*ACTIVITY*.
For every entry that follows, return the words exactly and omit any picture.

*THE DATA*.

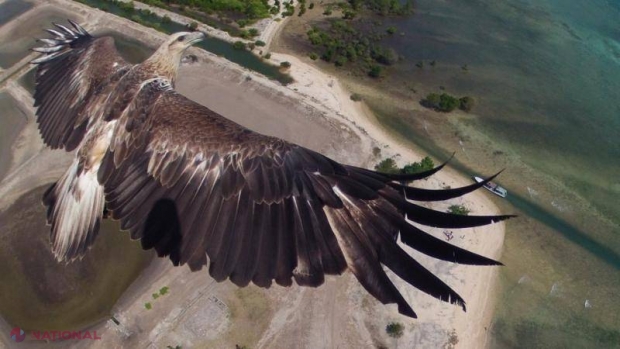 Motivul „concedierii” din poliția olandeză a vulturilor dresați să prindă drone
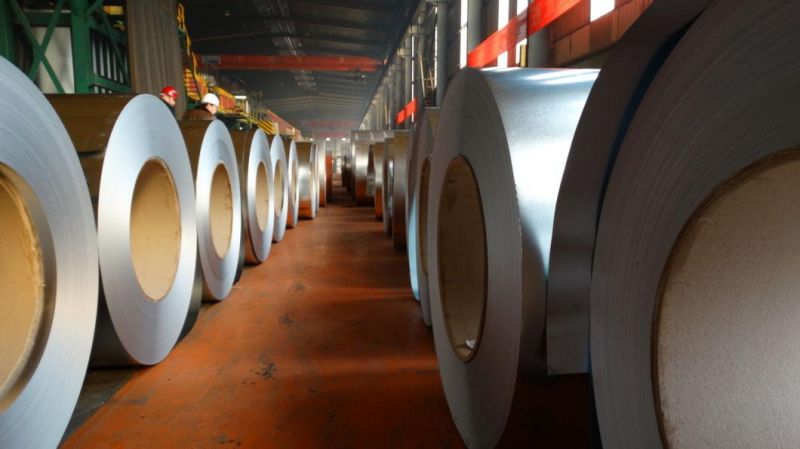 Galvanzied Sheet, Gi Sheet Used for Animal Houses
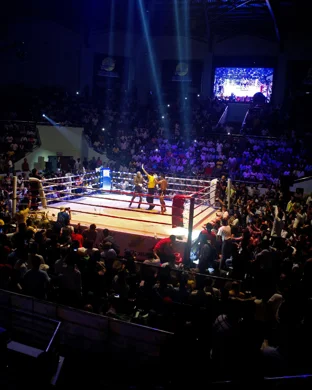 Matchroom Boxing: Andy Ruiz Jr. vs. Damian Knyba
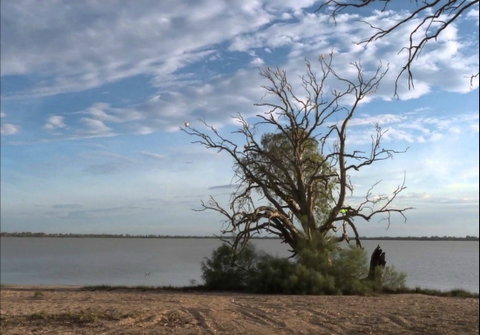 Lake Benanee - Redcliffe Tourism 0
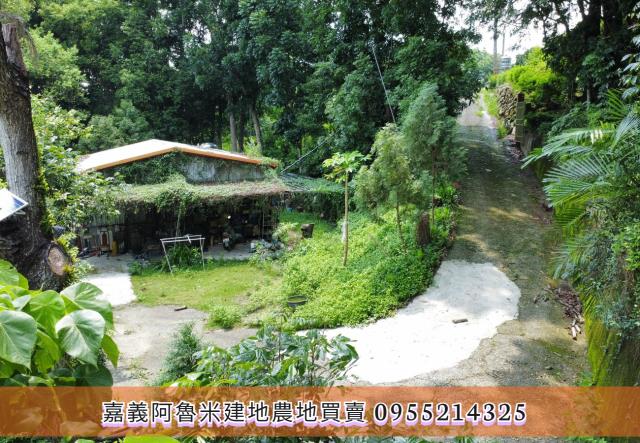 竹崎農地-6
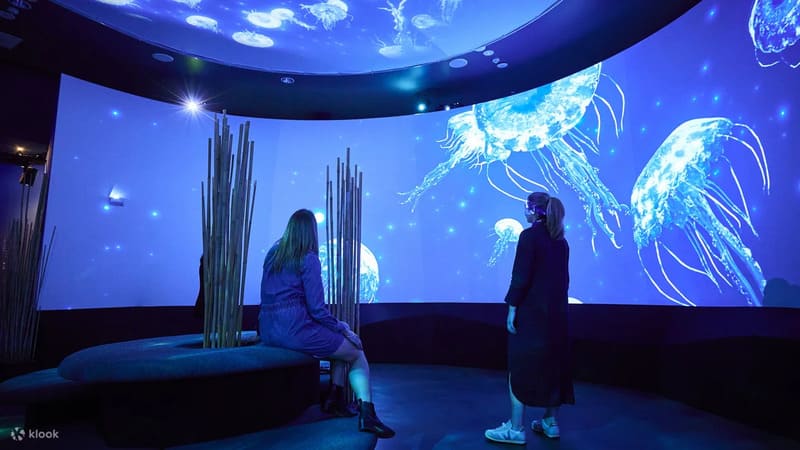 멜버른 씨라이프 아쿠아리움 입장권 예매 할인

*ANSWER SPACE*.
 Motivul „concedierii” din poliția olandeză a vulturilor dresați să prindă drone
 Galvanzied Sheet, Gi Sheet Used for Animal Houses
 Matchroom Boxing: Andy Ruiz Jr. vs. Damian Knyba
 Lake Benanee - Redcliffe Tourism 0
 竹崎農地-6
 멜버른 씨라이프 아쿠아리움 입장권 예매 할인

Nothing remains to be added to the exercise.